* _What the task asks_
Given the records below, would you repeat exactly the lines that begin at the one containing "Camiseta Leão de mar (Frente)" and end at the one containing "JOISOMI Heren T-shirt", inclusive?

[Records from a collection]

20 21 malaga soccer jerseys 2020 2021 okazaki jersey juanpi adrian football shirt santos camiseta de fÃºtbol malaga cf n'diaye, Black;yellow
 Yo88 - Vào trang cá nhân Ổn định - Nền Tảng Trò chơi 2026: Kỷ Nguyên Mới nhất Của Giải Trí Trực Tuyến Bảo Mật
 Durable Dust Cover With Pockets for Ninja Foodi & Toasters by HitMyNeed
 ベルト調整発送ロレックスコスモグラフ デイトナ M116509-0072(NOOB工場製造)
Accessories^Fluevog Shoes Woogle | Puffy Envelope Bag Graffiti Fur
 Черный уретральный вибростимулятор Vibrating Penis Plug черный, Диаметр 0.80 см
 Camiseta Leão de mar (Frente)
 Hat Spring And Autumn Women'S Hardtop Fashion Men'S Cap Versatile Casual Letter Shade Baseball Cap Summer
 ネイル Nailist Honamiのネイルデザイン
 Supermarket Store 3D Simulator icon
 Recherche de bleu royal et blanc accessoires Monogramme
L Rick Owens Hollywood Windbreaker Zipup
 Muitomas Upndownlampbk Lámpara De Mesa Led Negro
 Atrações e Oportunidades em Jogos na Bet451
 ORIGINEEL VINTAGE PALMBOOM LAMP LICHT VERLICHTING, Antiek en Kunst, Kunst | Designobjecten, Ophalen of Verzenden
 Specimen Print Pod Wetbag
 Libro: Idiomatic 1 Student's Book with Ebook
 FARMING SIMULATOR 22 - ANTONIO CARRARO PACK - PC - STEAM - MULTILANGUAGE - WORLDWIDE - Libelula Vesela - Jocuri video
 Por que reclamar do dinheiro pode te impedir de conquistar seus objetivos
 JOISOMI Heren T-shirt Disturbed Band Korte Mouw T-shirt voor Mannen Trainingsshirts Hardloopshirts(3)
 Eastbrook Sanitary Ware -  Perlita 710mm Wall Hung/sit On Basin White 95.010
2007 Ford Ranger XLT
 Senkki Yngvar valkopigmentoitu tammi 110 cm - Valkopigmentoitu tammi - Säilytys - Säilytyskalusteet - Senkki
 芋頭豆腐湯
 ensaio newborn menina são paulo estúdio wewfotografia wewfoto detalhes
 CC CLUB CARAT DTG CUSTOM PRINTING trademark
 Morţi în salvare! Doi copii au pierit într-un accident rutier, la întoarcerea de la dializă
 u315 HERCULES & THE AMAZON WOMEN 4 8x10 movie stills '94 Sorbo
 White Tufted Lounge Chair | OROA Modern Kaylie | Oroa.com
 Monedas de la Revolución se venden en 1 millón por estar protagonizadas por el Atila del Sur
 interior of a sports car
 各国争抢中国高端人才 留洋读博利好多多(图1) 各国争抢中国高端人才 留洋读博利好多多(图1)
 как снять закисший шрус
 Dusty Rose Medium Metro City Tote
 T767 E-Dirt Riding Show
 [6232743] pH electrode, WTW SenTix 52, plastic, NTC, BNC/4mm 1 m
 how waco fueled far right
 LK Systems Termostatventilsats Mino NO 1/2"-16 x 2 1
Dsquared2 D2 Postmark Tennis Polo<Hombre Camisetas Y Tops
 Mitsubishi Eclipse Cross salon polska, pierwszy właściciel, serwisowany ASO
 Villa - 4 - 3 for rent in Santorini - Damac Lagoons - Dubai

* _Task solution_
 Camiseta Leão de mar (Frente)
 Hat Spring And Autumn Women'S Hardtop Fashion Men'S Cap Versatile Casual Letter Shade Baseball Cap Summer
 ネイル Nailist Honamiのネイルデザイン
 Supermarket Store 3D Simulator icon
 Recherche de bleu royal et blanc accessoires Monogramme
L Rick Owens Hollywood Windbreaker Zipup
 Muitomas Upndownlampbk Lámpara De Mesa Led Negro
 Atrações e Oportunidades em Jogos na Bet451
 ORIGINEEL VINTAGE PALMBOOM LAMP LICHT VERLICHTING, Antiek en Kunst, Kunst | Designobjecten, Ophalen of Verzenden
 Specimen Print Pod Wetbag
 Libro: Idiomatic 1 Student's Book with Ebook
 FARMING SIMULATOR 22 - ANTONIO CARRARO PACK - PC - STEAM - MULTILANGUAGE - WORLDWIDE - Libelula Vesela - Jocuri video
 Por que reclamar do dinheiro pode te impedir de conquistar seus objetivos
 JOISOMI Heren T-shirt Disturbed Band Korte Mouw T-shirt voor Mannen Trainingsshirts Hardloopshirts(3)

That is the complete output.